### Required work
From the line containing "Car Rental Rent" to the line containing "Trinity Beach QLD 4879" in the entries below, reproduce every line exactly, ends included. Nothing else belongs in the copy, and no pictures.

### Task input
----------------------------------------

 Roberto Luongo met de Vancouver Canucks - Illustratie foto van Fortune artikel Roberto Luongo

----------------------------------------

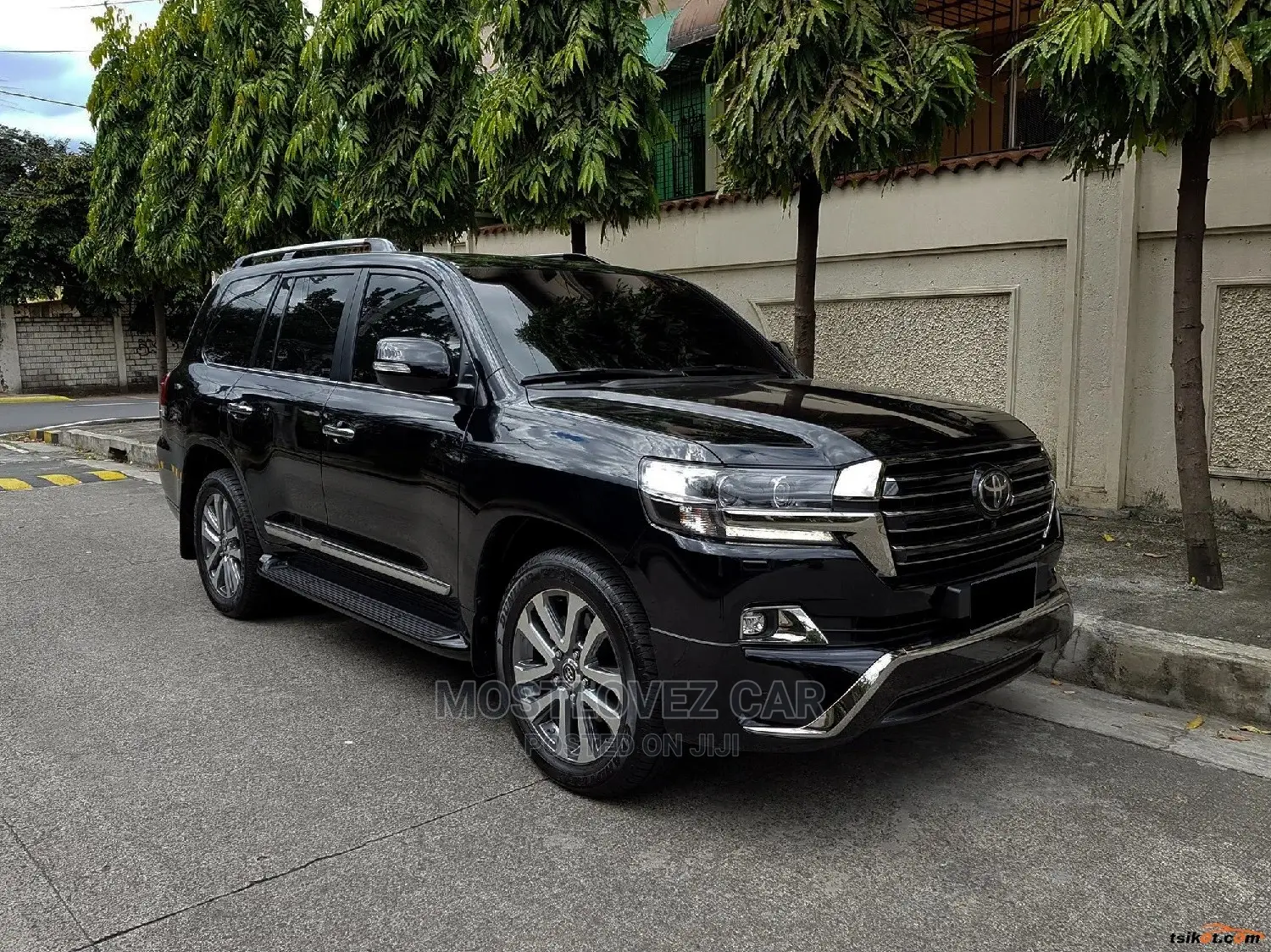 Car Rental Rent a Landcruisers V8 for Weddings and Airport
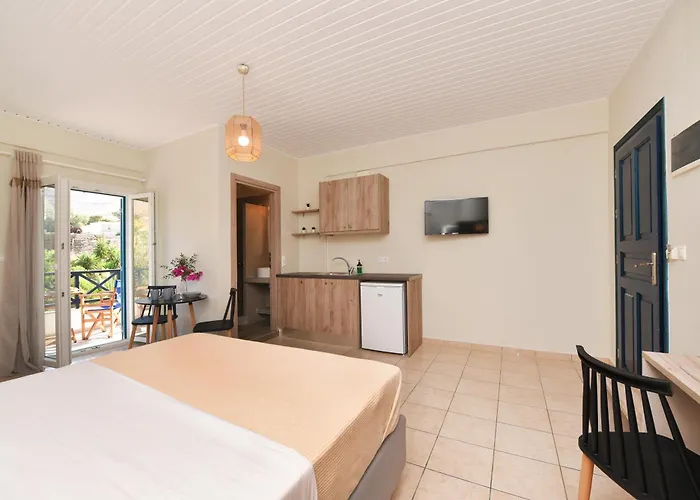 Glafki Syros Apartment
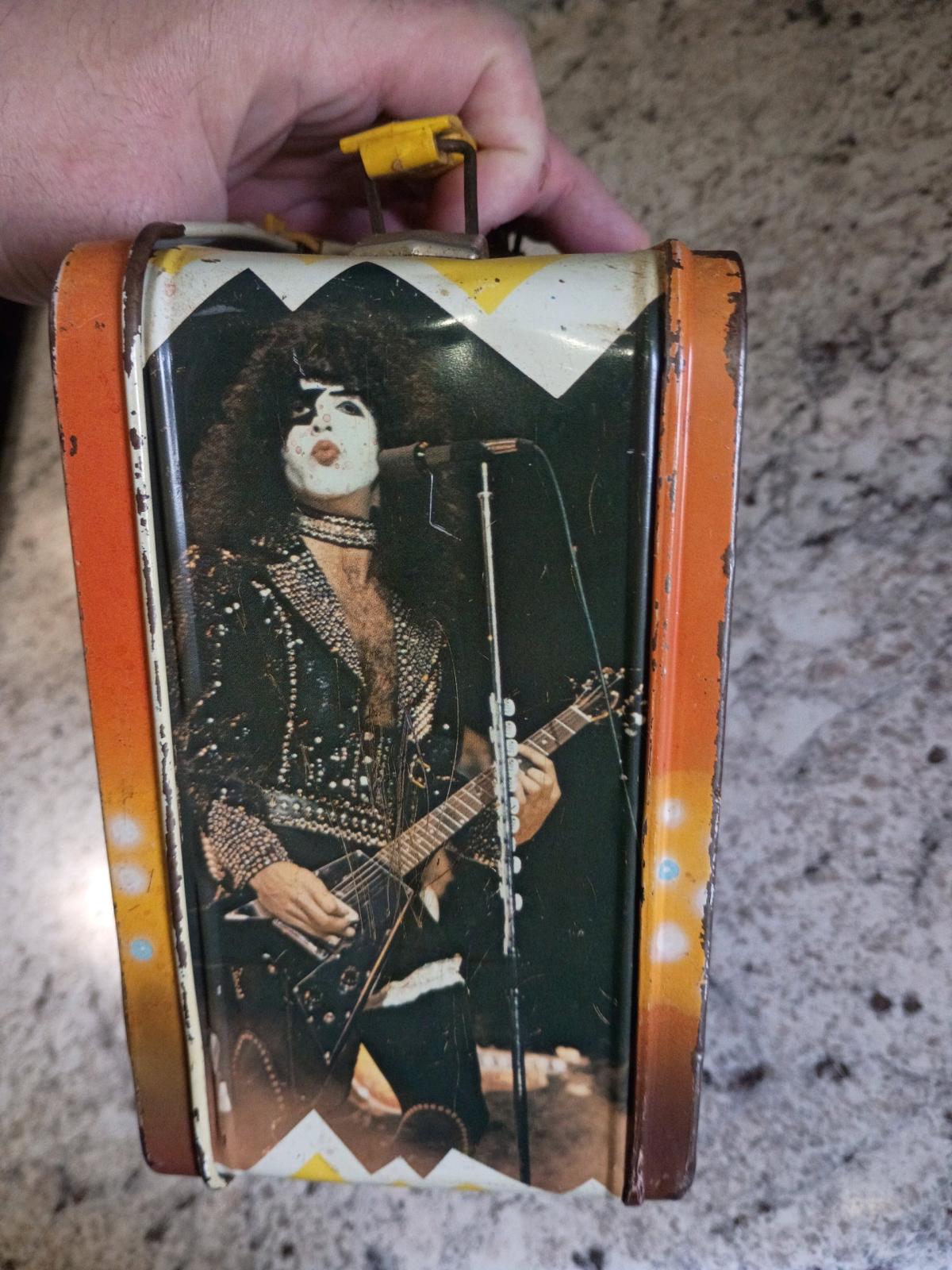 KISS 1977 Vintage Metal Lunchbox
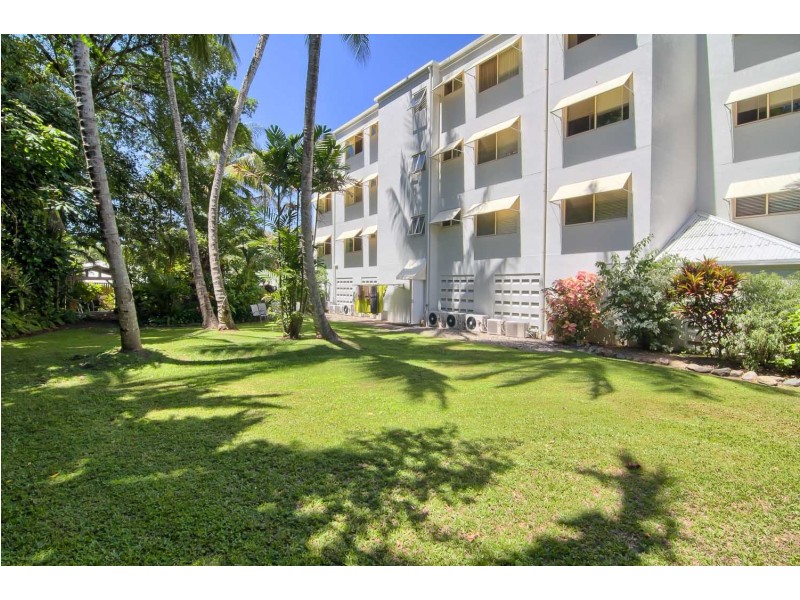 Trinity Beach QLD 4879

----------------------------------------

### Answer area
 Car Rental Rent a Landcruisers V8 for Weddings and Airport
 Glafki Syros Apartment
 KISS 1977 Vintage Metal Lunchbox
 Trinity Beach QLD 4879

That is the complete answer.